§ **Exercise description**: Using the records that appear below, write out exactly the lines from the one with "drumming for the" through the one with "HOCHZEITS EINLADUNGEN Gold", keeping both end lines.

§ **Given data**:
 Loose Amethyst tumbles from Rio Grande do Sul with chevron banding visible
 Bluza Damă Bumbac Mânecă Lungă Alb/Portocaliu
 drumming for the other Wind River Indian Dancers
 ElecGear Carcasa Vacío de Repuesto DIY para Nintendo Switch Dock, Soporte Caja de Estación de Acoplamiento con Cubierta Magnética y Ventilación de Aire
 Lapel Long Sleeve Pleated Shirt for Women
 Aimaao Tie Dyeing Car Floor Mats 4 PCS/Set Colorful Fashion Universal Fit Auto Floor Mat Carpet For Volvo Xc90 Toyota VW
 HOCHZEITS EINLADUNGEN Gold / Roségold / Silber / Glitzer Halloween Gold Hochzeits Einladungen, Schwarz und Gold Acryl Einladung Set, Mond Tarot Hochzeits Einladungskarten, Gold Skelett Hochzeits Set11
--
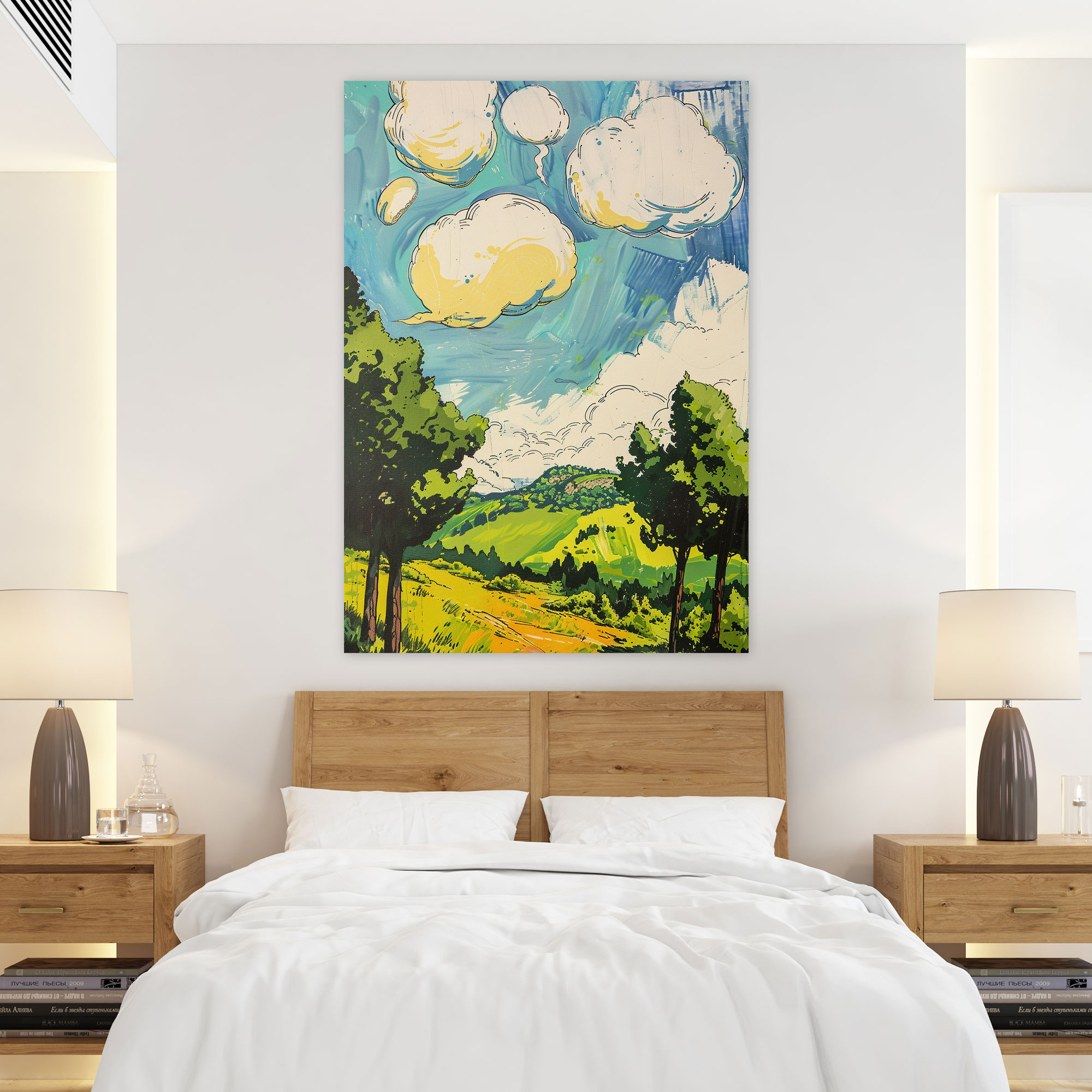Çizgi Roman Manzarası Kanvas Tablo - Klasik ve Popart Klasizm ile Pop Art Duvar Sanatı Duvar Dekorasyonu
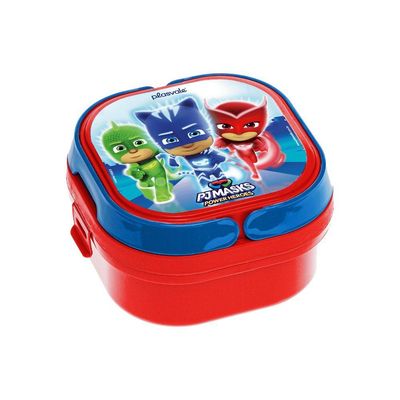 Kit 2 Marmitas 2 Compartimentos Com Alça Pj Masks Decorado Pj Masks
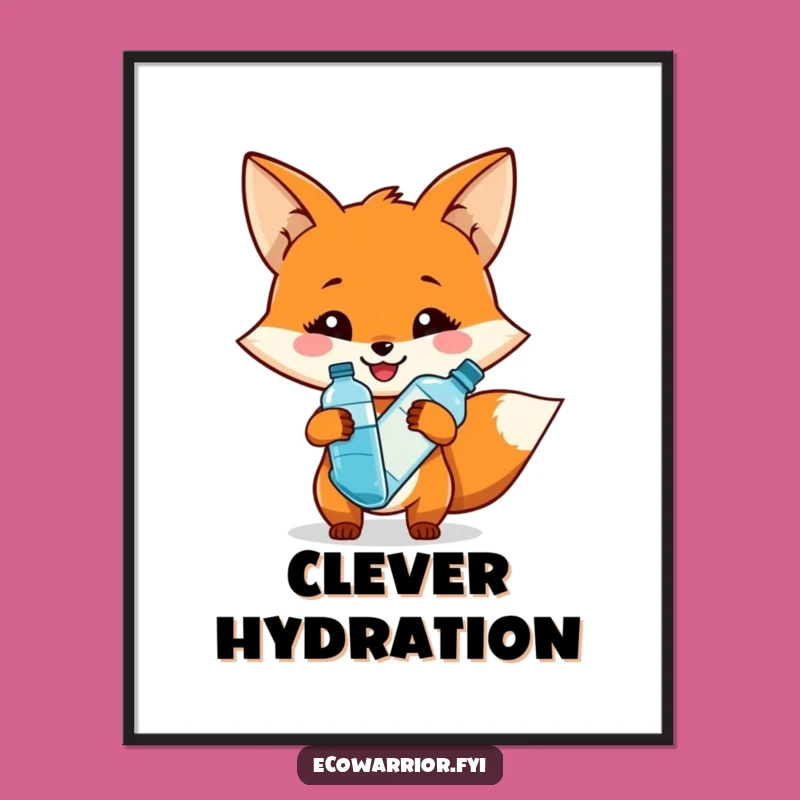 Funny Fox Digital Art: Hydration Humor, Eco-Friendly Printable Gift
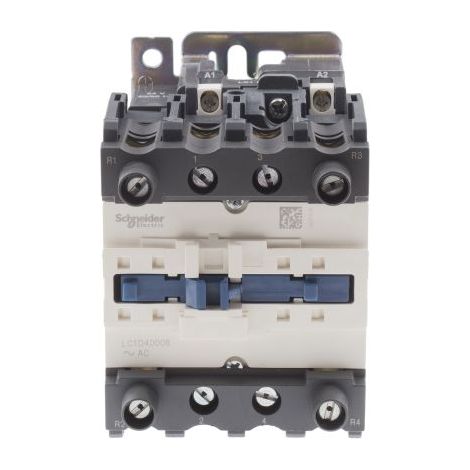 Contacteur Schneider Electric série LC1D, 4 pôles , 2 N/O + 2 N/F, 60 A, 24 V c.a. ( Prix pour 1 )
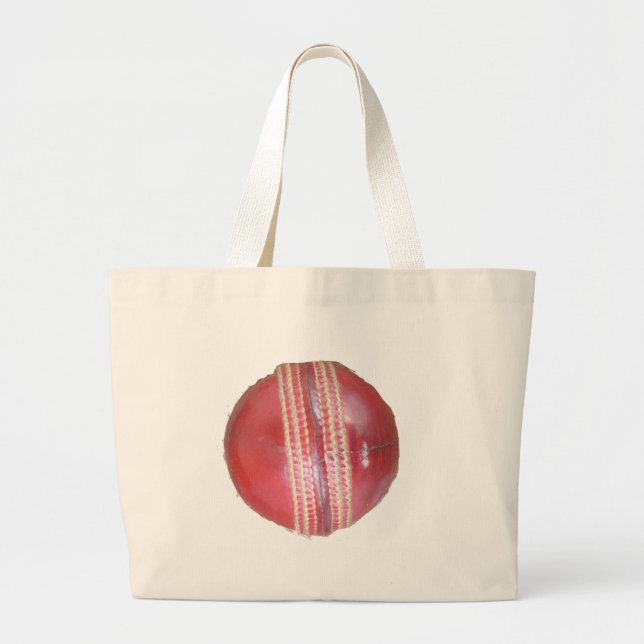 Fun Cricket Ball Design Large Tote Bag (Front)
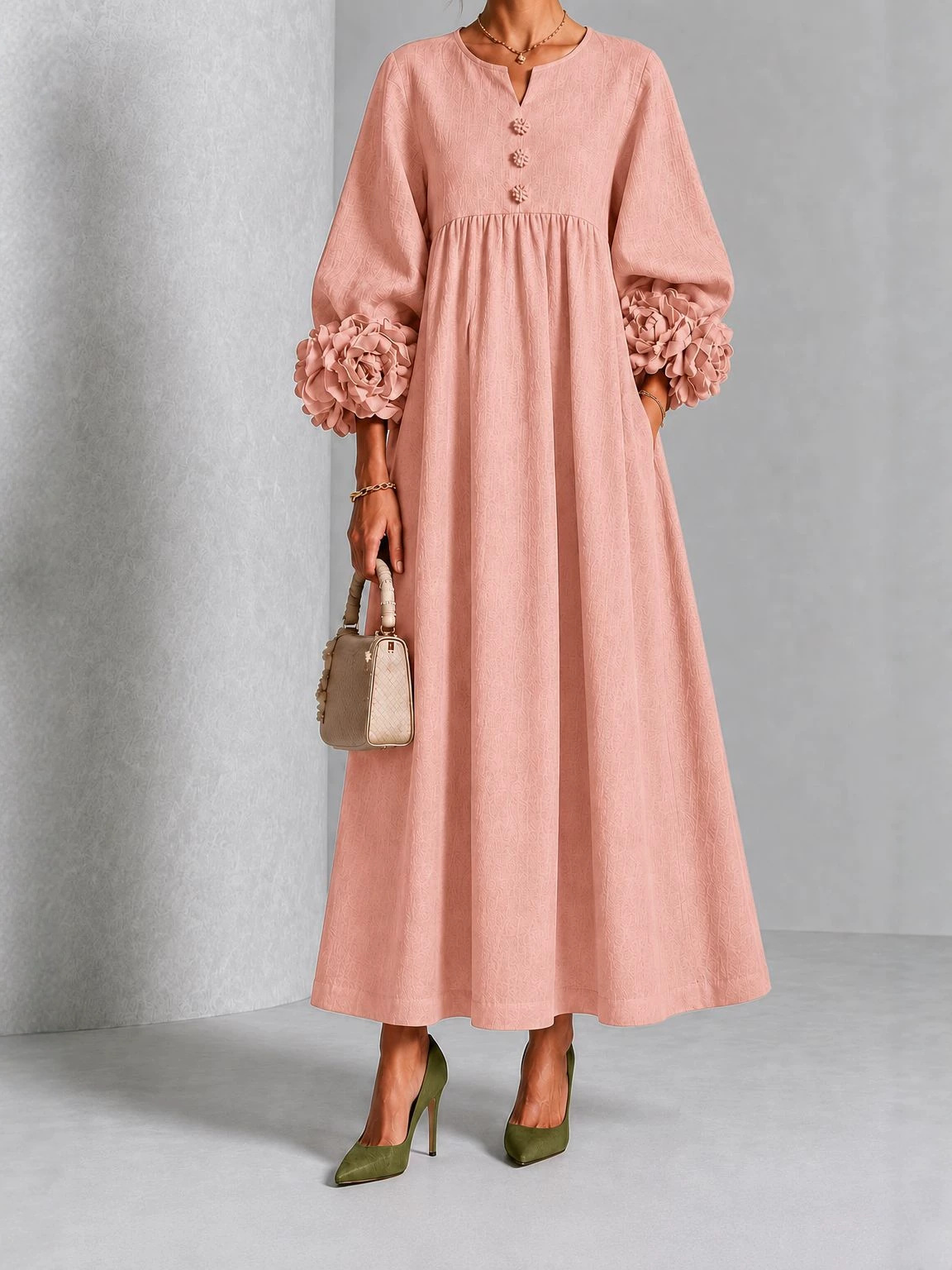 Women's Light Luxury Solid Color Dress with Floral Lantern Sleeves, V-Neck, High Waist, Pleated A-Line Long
==
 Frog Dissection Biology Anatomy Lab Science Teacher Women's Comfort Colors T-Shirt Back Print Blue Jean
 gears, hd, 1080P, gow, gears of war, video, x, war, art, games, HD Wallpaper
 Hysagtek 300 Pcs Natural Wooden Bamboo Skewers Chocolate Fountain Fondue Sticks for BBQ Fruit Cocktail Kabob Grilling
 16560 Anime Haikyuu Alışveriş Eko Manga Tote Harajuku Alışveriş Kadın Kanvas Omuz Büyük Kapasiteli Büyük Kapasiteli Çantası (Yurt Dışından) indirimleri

§ **Reply**:
 drumming for the other Wind River Indian Dancers
 ElecGear Carcasa Vacío de Repuesto DIY para Nintendo Switch Dock, Soporte Caja de Estación de Acoplamiento con Cubierta Magnética y Ventilación de Aire
 Lapel Long Sleeve Pleated Shirt for Women
 Aimaao Tie Dyeing Car Floor Mats 4 PCS/Set Colorful Fashion Universal Fit Auto Floor Mat Carpet For Volvo Xc90 Toyota VW
 HOCHZEITS EINLADUNGEN Gold / Roségold / Silber / Glitzer Halloween Gold Hochzeits Einladungen, Schwarz und Gold Acryl Einladung Set, Mond Tarot Hochzeits Einladungskarten, Gold Skelett Hochzeits Set11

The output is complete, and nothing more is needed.